Good guides except for one things - Constrained Baseline isn't a thing for years now. Even Android 2.x devices supported at least Main profile, so I strongly recommend NEVER using Baseline H.264 profile. Using it will absolutely trash video quality at the same bitrate.

torgoguys 5 years ago

FWIW, I've found that for screen captures, doing a completely lossless capture with FFMPEG often results in much smaller files. This is true mostly for situations where there is a lot of duplicate frames, not high action video games. And of course the quality can't be beat.

  • pjc50 5 years ago

    > doing a completely lossless capture with FFMPEG

    How? Are the iframes losslessly compressed? For some reason I thought they were equivalent to JPEG.

    • sp332 5 years ago

      If you configure the encoder for lossless compression (-crf 0) then it won't quantize the image data. There might be rounding errors in the DCT, but it's pretty close to lossless. And there might still be a loss of data in other stages of processing, like converting RGB to YUV 4:2:0 or something.

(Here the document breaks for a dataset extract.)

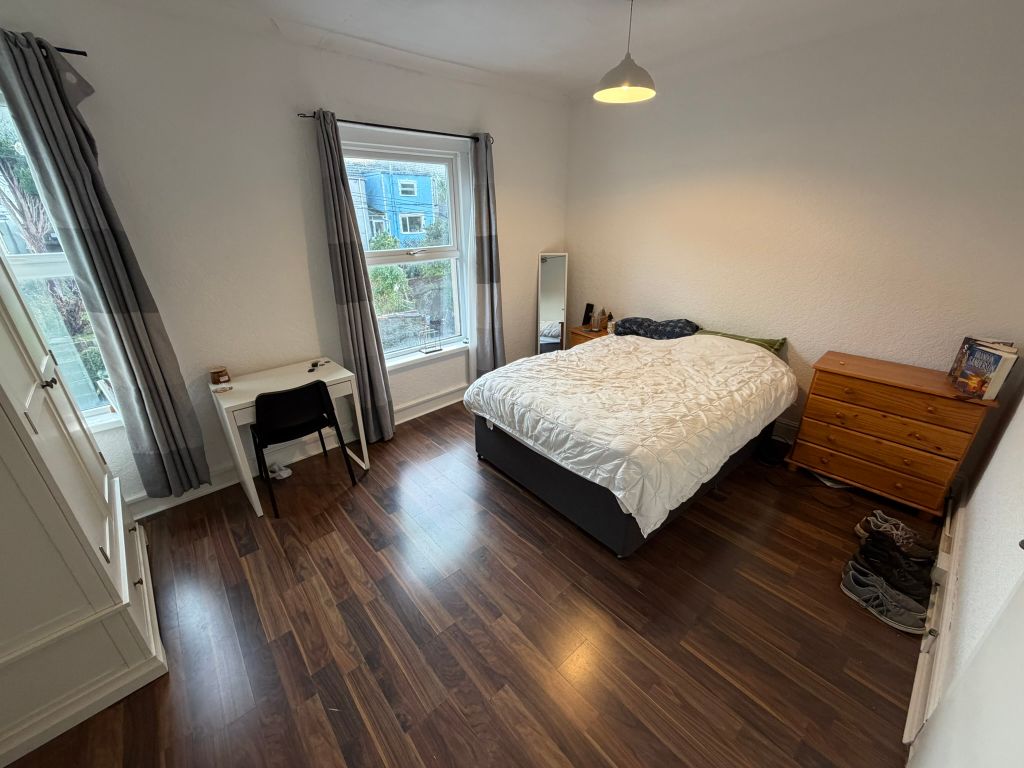 Property photo 3 of 11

      https://dsp.stackexchange.com/questions/27752/is-dct-discret...

      • fireattack 5 years ago

        So basically JPEG with 100% quality (a JPEG with all quantization table factors being being 1).

        I personally won't call it lossless then, since no one will call 100% JPEG (even the 4:4:4 one) "lossless" (there is an entirely separate "true" lossless JPEG that no one uses).

        But I'm not trying to argue if it's the term H264/video codec community uses.

      • Wowfunhappy 5 years ago

        Just a quick thing worth noting, a lot of conventional players won't open lossless h264 content. QuickTime being one example.

anc84 5 years ago

I recommend "-tune animation" for content like this.

Also I second izacus' "don't use baseline". I would even use a higher profile, for quality's sake. For bad clients you would always convert content if needed. Unless of course, you are one of those users constrained by them in the first place.